Her arms, he saw, were stronger now and veined—
she flew from hook to hook and barely strained.
The ape had jumped to catch a hook and missed
and, falling back, he struck his broken wrist.
The mind of man, if normal or insane,
is much the same when overrun with pain:
the tattered shreds of self-control ignite,
and judgment deems the world a sphere of night;
the dark obscures the light we cherish most,
and wrath betrays the good to have its ghost.
The ape became a raging storm intent
on giving every seething urge its vent.
Before the Bat could reach the ape again,
he'd bent and snapped the crucial anchor pin
that held the scaffolds firm and fixed in place.
As pirouetting pillars jumped their base,
the superstructure twisted 'round and tipped
and secondary braces wrenched and ripped.

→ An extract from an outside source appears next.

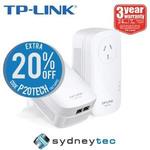 TP-Link TL-PA9020P KIT AV2000 2-Port Gigabit Passthrough Powerline $140 Delivered @ Sydneytec eBay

The deadly hooks were jerked about and whipped
and loosened beams unplumbed their weight and slipped
as Lotus leapt to find a fast escape,
but missed her aim and found instead the ape.
Within a breath, the Bat had reached his prey
and pounced and struck his mark amid the fray,
and bulling hard between the two, he said,
A man who serves the beast is better dead.
If any part of Eric clings to Light,
he'll claim the soul he sold to Gotham's night.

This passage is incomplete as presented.